Where next for ethical labelling?
Labelling and accreditation systems such as Fairtrade have played a central part in raising the profile of ethical issues in food and farming. Yet debate rages over their future role. Moves towards carbon footprinting and labels, and interest in treating water the same way, have made this a particularly urgent issue.
The March meeting of the Food Ethics Council’s Business Forum brought together key players from 18 leading food businesses and organisations to discuss what is driving companies to differentiate products on ethical grounds and whether this trend adds up to create a more ethical food sytem.
The meeting was chaired by Julia Hailes MBE, co-founder of SustainAbility, author of the New Green Consumer Guide and a member of the Food Ethics Council.

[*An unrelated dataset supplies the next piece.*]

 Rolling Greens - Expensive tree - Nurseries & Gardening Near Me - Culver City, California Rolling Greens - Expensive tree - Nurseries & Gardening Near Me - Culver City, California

The speakers were Ian Bretman, from The Fairtrade Foundation, and Jim Sumberg, from the New Economics Foundation.
The report of March’s meeting is now available online here, and key points we took from it include:
- The UK market for ‘ethical’ food products (labelled organic, Fairtrade or better for animal welfare) grew from £1 billion in 1999 to £5.4 billion in 2005.
- The ethical labelling of products reveals the intense competition on ethical performance that has opened up in the food sector, particularly in retail.
- There is concern this competition may damage consumer trust by generating a plethora of non-comparable ethical claims.
- Dissatisfaction with minimum standards is leading some accreditation bodies to move beyond monitoring compliance to stress the need for corporate commitment.
- Collaboration, combining standards, campaigning and regulation could all help to ensure that competition on ethical performance drives progress across the whole sector.
- Choice editing to improve base-line performance across a broad range of ethical criteria could strengthen trust in major brands.
- Businesses can benefit from involving customers in shaping their ethical policy.